To date, research that employs systematic
applied methods on data sets with good
coverage and adequate scale is mostly
based on micro-level studies on early
adopters in developed countries. It is far
from conclusive, yet suggests that firms
using AI can make substantial productivity
gains, particularly those employing skilled workers and those in service industries.
A summary of recent firm-level studies
indicates that AI can increase both labour
productivity and total factor productivity,
although the range of the estimates is
wide, reflecting the differing capacities
of firms to benefit from AI (figure II.2).
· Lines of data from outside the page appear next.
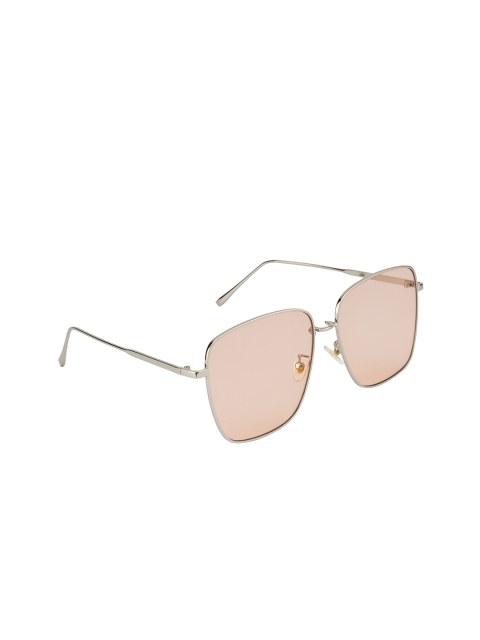 

Ted Smith Unisex Pink Lens & Silver-Toned Square Sunglasses with UV Protected Lens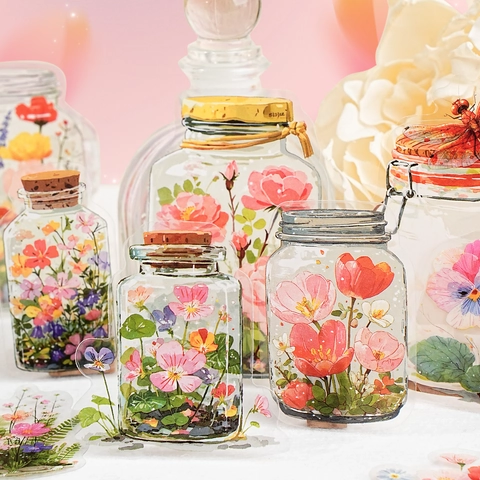 Mondo In Bottiglia PET Adesivi Pacchetto Vintage Trasparente Paesaggio Floreale Decalcomanie Per Scrapbooking Decorazione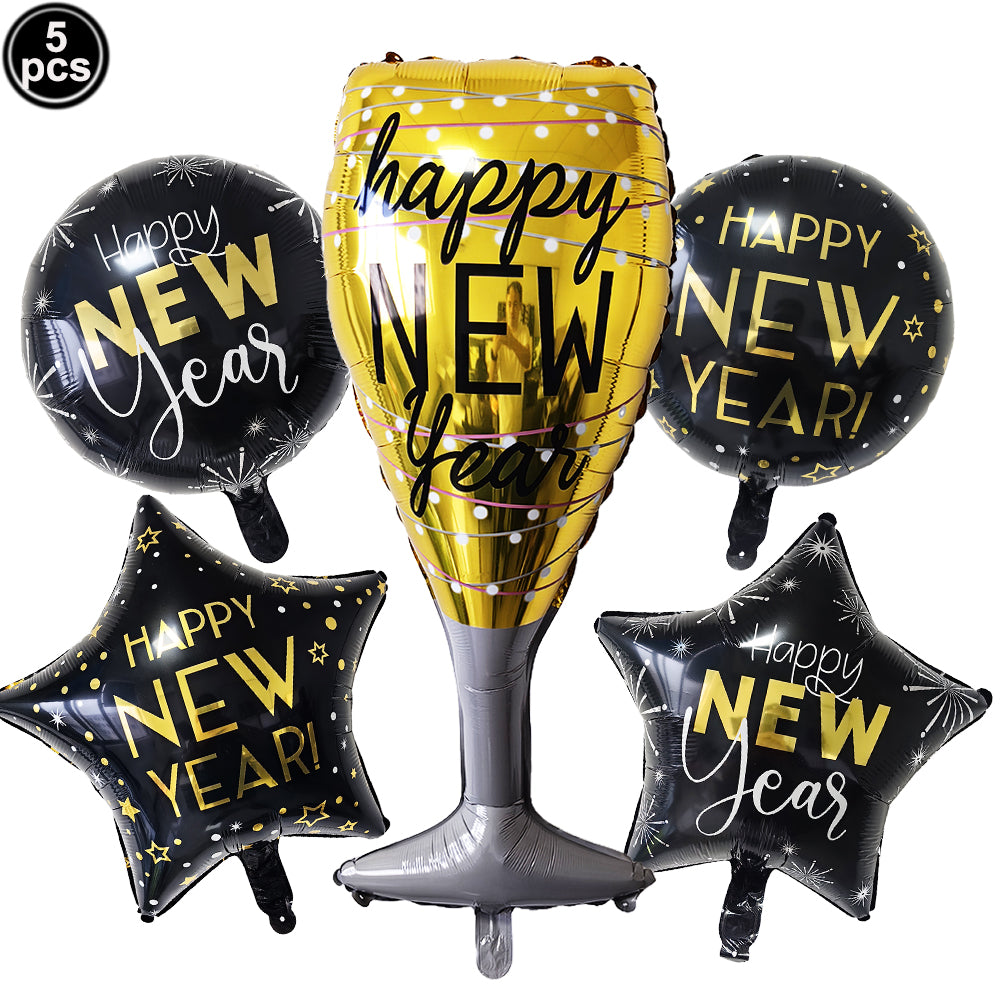 2026 NYE Party Supplies: Star & Champagne Foil Balloons
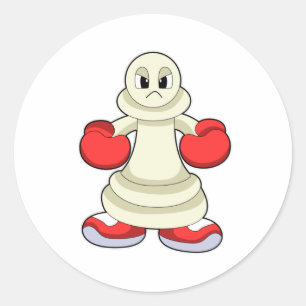 Adesivo Redondo Peça de xadrez como Boxer com luvas "in a box"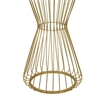 Benjara Kane Plant Stand Table- Mirrored- Hourglass Gold Metal Frame- 30 Inch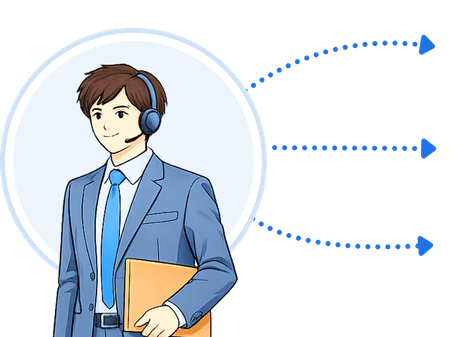 スーツとヘッドセットを着用したディレクターが複数の業務依頼を振り分けているイラスト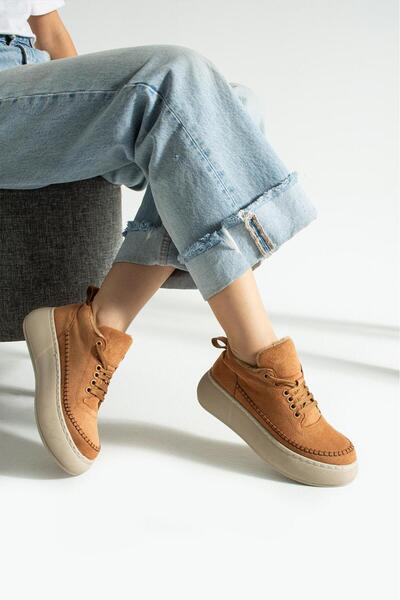 Bufu Muga Kalın Taban Bağcıklı Kadın Kışlık Spor Ayakkabı Sneaker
For example, in some firms in Germany,
sales achieved per worker increased
substantially with higher levels of AI use. In some firms in
Italy, total factor productivity increased by
2.2 per cent with the adoption of AI. A study
of large firms from a range of countries
showed that the accumulated stock of AI
knowledge increased total factor productivity
by 6.7 per cent.
The impact may also depend on firm
characteristics, such as size, although the
evidence is mixed. Some
studies showed higher productivity gains
in larger firms that could benefit from scale
effects and greater financial resources. Other studies
showed advantages for smaller firms that
could integrate new technologies more
rapidly within existing production systems.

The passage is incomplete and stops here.